McDowell County unemployment falls, but stays near state high at 10.2 percent
McDowell’s jobless rate eased in March, but at 10.2 percent it still sat near the top of West Virginia’s county rankings, far above the state and U.S. rates.

McDowell County’s unemployment rate improved in March, but the county still stood out for the wrong reason: 10.2 percent jobless, one of only three West Virginia counties above 7 percent and far higher than the state’s 4.5 percent rate and the national rate of 4.3 percent.
The drop from February to March fits the usual spring pickup in labor demand, when construction, tourism, public works and other seasonal employers add workers as the weather improves. But county figures are not seasonally adjusted, so the month-to-month change should be read carefully. Even with that caution, McDowell’s number shows a labor market that remains tight for people looking for steady work close to home.
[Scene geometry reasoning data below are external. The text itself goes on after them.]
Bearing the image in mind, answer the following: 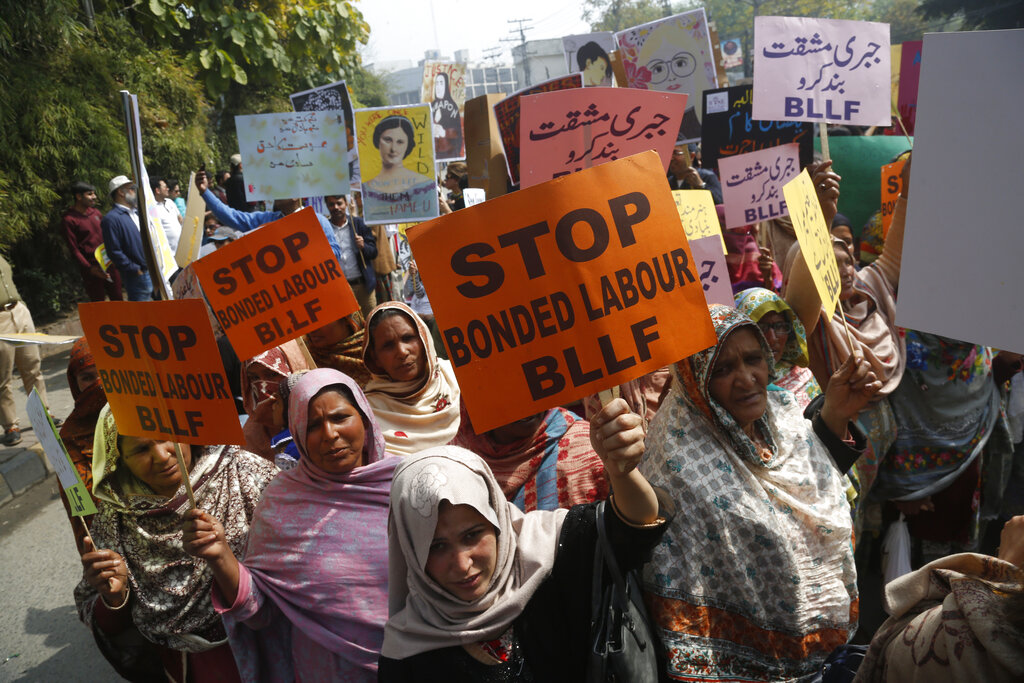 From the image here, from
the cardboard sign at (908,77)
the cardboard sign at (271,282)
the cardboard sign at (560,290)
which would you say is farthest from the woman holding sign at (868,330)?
the cardboard sign at (908,77)

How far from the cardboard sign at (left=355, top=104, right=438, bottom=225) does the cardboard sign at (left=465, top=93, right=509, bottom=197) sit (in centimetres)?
140

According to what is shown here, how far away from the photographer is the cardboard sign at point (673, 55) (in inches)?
254

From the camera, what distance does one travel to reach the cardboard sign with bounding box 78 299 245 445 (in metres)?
2.24

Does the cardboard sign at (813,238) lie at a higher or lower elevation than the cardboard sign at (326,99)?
lower

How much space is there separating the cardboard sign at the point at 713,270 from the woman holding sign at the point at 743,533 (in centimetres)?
141

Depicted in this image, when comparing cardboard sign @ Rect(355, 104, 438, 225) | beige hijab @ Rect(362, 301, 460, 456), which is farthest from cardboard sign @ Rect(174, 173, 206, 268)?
cardboard sign @ Rect(355, 104, 438, 225)

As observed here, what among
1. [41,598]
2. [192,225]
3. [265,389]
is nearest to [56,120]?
[41,598]

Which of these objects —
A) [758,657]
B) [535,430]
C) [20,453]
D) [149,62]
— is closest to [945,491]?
[758,657]

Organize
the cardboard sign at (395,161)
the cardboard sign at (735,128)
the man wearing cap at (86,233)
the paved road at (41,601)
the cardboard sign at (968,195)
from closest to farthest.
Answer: the cardboard sign at (968,195) < the paved road at (41,601) < the cardboard sign at (735,128) < the cardboard sign at (395,161) < the man wearing cap at (86,233)

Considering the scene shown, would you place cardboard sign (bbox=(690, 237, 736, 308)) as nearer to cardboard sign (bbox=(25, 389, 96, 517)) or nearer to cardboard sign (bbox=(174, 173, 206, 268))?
cardboard sign (bbox=(174, 173, 206, 268))

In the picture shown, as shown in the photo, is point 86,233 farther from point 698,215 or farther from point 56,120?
point 698,215

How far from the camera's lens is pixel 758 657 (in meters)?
2.00

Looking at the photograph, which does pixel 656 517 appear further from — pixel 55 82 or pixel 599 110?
pixel 55 82

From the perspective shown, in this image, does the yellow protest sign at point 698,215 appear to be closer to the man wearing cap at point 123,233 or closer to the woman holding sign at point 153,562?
the woman holding sign at point 153,562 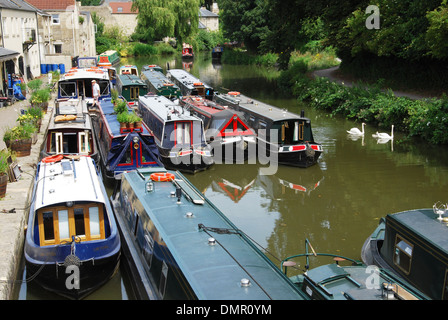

McDowell’s rate was still well above Clay County’s 7.3 percent and Calhoun County’s 8.4 percent, the only other counties in the state above 7 percent. For a county with just 213 employer establishments, that gap matters. A double-digit unemployment rate means a small number of openings can be swallowed quickly, leaving residents to compete for jobs in a market that offers little margin for error.

The broader picture has not changed much. McDowell County’s population fell from 19,111 in the 2020 Census to an estimated 16,878 on July 1, 2025, after an estimate of 17,147 the year before. Median household income was $31,559 in the latest five-year Census estimate, and just 6.8 percent of adults held a bachelor’s degree or higher. The Federal Reserve Bank of St. Louis shows the county’s annual unemployment rate averaged 8.0 percent in 2024, underscoring how persistent the job problem has been.
Coal remains part of that instability. Reports in September 2025 said Ramaco Resources halted production at its Laurel Fork mine in Berwind and laid off 32 workers, a reminder that even one shutdown can hit hard in a county with so few employers.
Workforce West Virginia’s Welch office, at 92 McDowell St., Suite 100, remains the local point of contact for job seekers and employers trying to connect. For McDowell, the March decline was welcome, but the county still needs sustained training, recruitment and investment if a seasonal dip is ever going to become a durable recovery.